What needs to be done →
Each record below gets repeated exactly, and pictures stay out of the copy.

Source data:
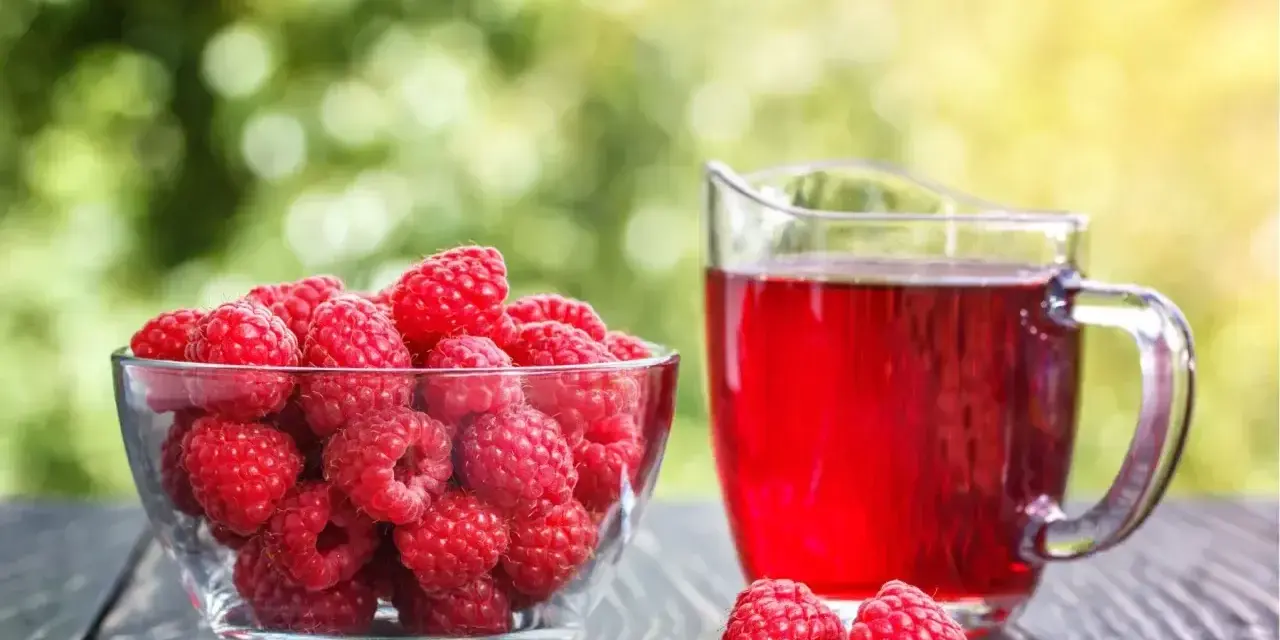 Świeże maliny w misce i dzbanek soku malinowego. Zastanawiasz się, ile pasteryzować sok z malin, by zachować jego smak i aromat?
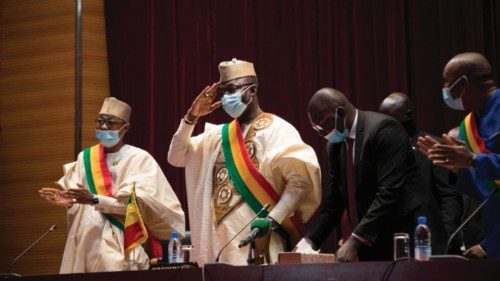 President of the National Transitional Council (NTC), Malick Diaw (C) salutes members of the council ...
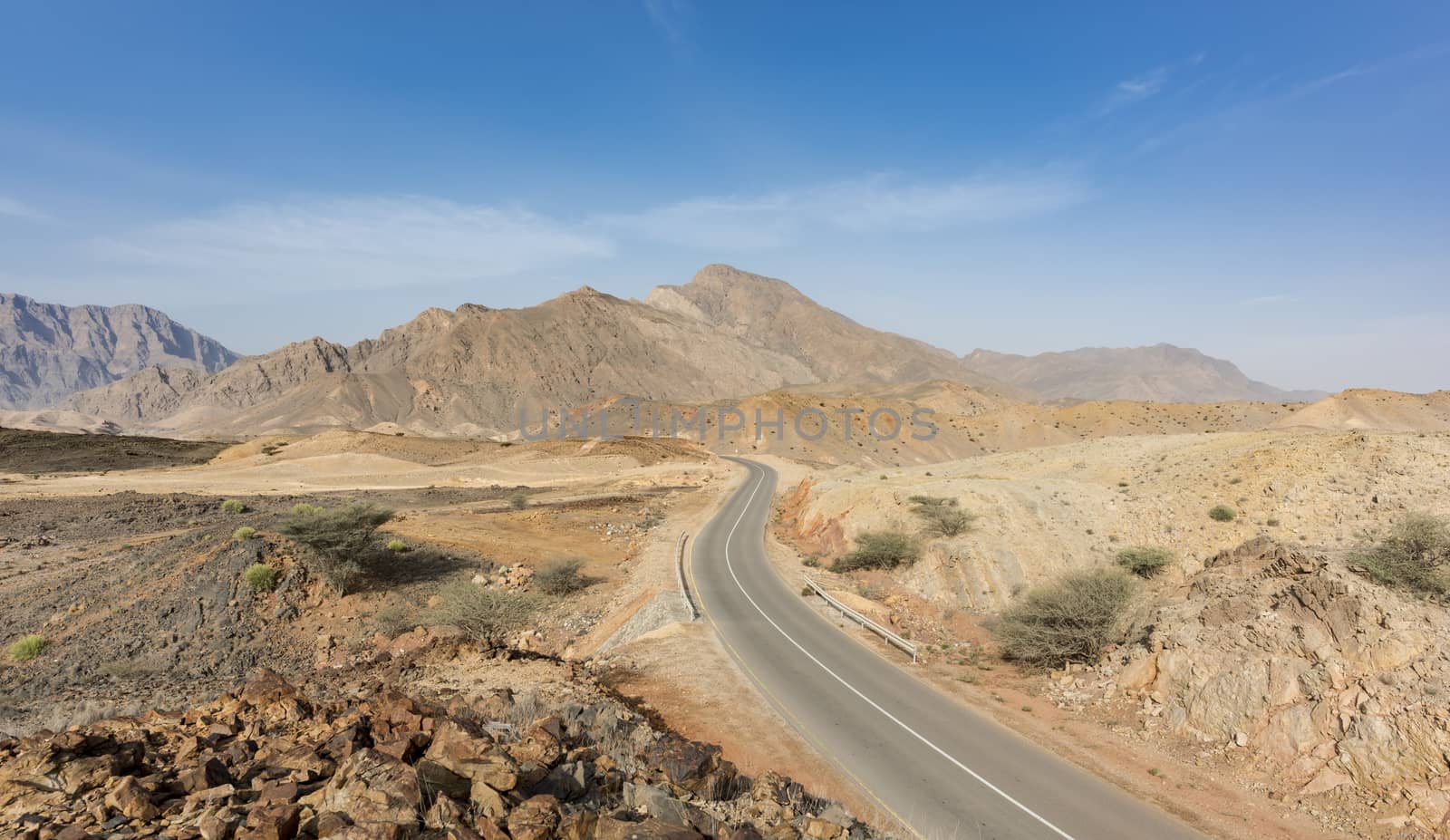 A road going thru the deserted mountains of the Sultanate of Oma by GABIS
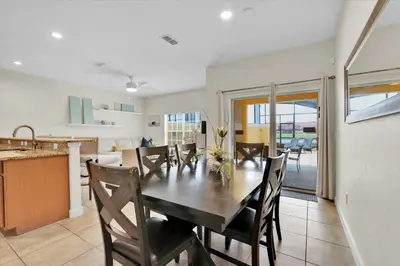 a kitchen and dining room with a table and chairs at Lake View 4 Bedroom Pool Home in Kissimmee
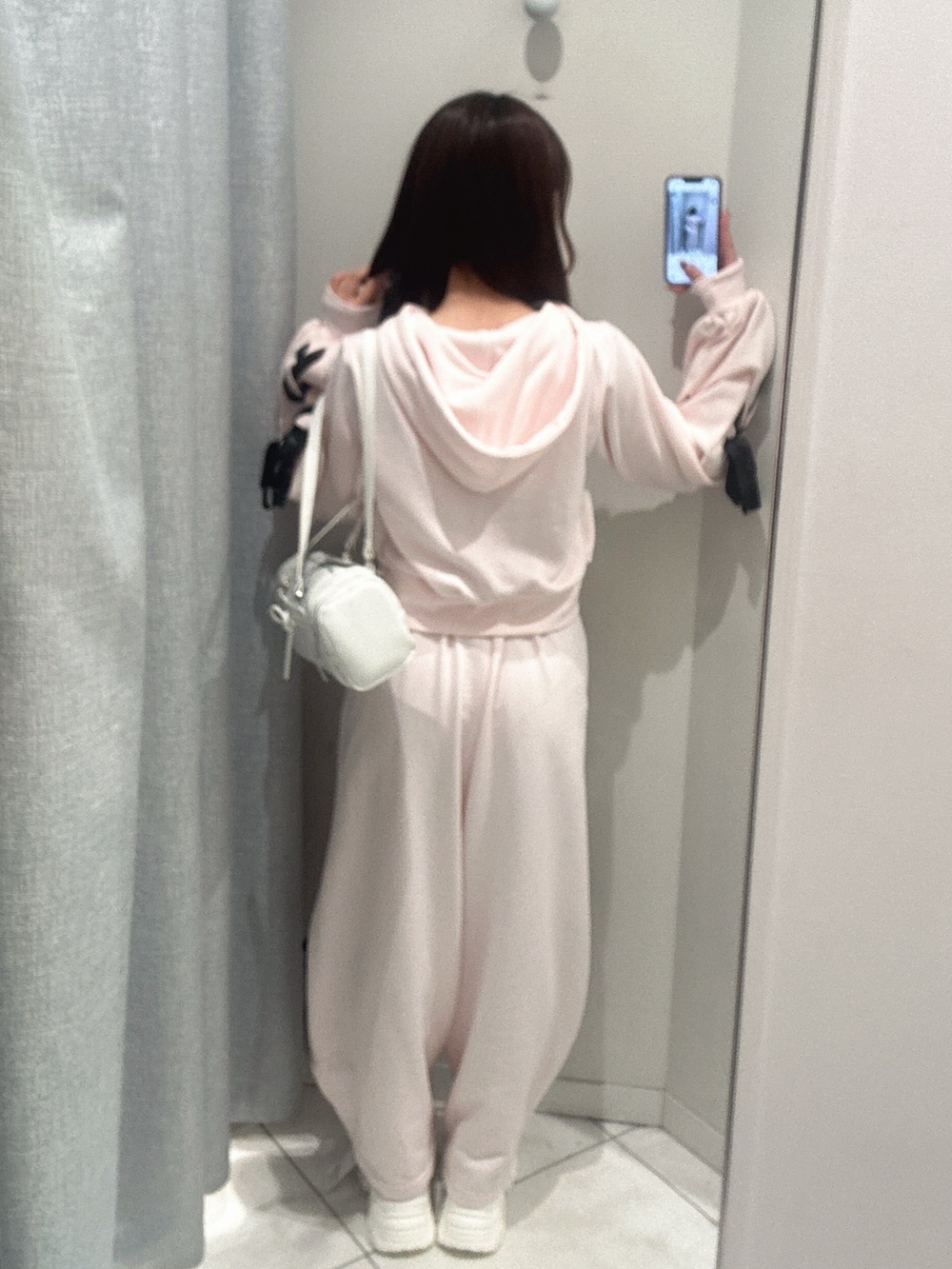 ホワイト系のスニーカー、ピンク系のスウェットパンツ、ピンク系のパーカーを着用したレディースの冬コーディネートの4枚目の写真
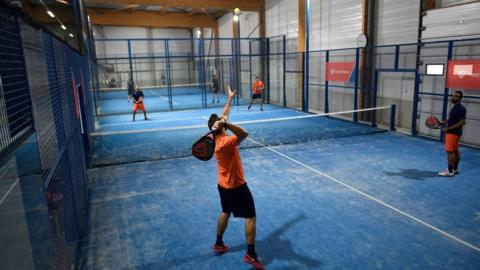 Four people playing padel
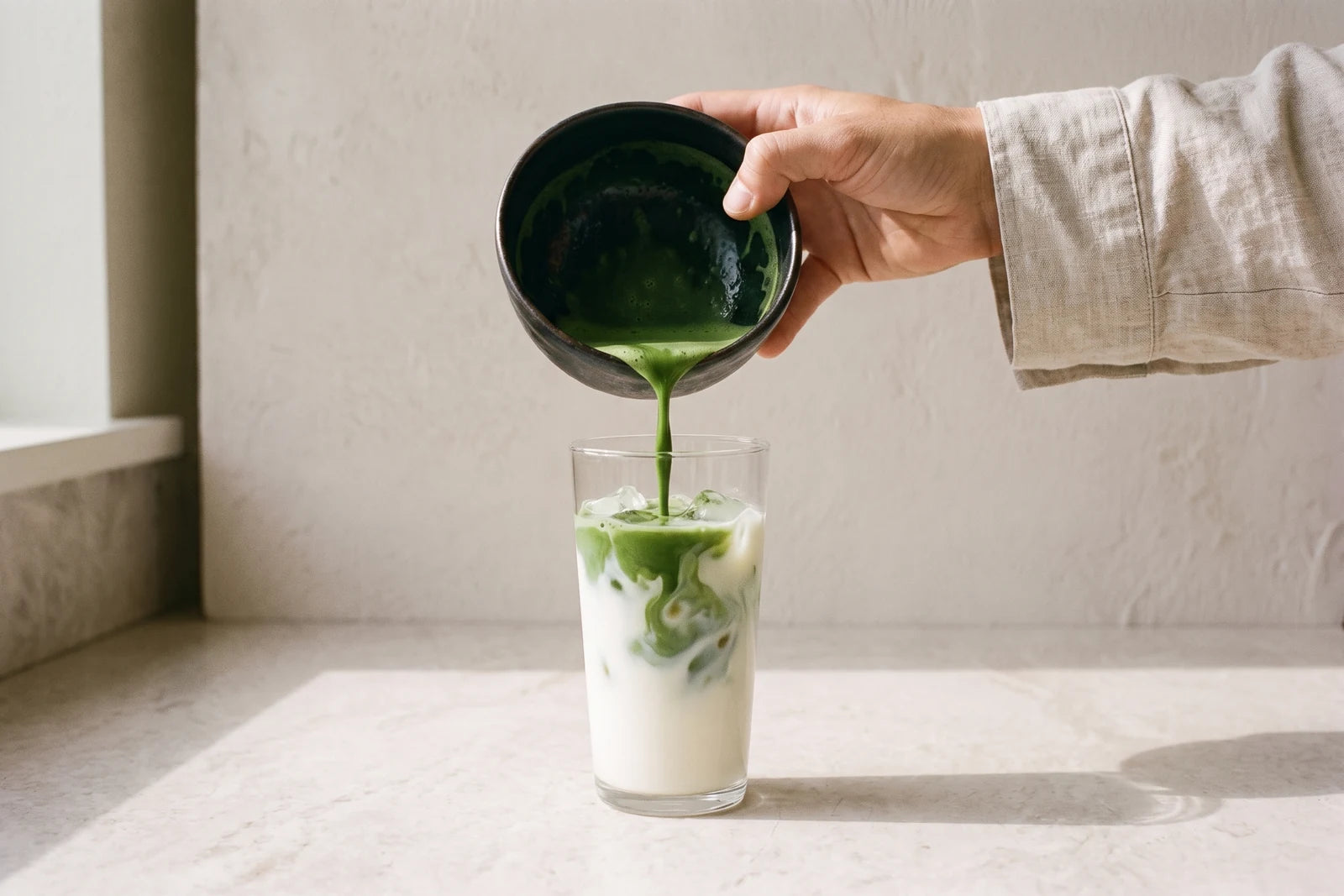 Aufgeschlagener Matcha, aus der Teeschale auf kalte Milch und Eis gegossen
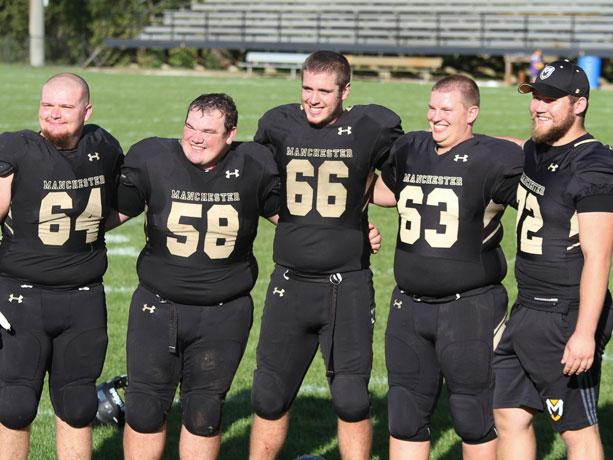 Eric Beard in football uniform with some teammates on the field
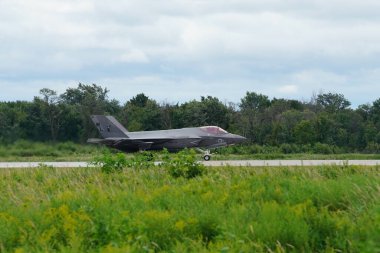 Camp Douglas, Wisconsin USA - August 9th, 2024: United States Air Force fighter jets F-35 and F-16 took off and landed at Volk Air Field during the Northern Lighting Combat training exercise. clipart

Answer to this task →
 Świeże maliny w misce i dzbanek soku malinowego. Zastanawiasz się, ile pasteryzować sok z malin, by zachować jego smak i aromat?
 President of the National Transitional Council (NTC), Malick Diaw (C) salutes members of the council ...
 A road going thru the deserted mountains of the Sultanate of Oma by GABIS
 a kitchen and dining room with a table and chairs at Lake View 4 Bedroom Pool Home in Kissimmee
 ホワイト系のスニーカー、ピンク系のスウェットパンツ、ピンク系のパーカーを着用したレディースの冬コーディネートの4枚目の写真
 Four people playing padel
 Aufgeschlagener Matcha, aus der Teeschale auf kalte Milch und Eis gegossen
 Eric Beard in football uniform with some teammates on the field
 Camp Douglas, Wisconsin USA - August 9th, 2024: United States Air Force fighter jets F-35 and F-16 took off and landed at Volk Air Field during the Northern Lighting Combat training exercise. clipart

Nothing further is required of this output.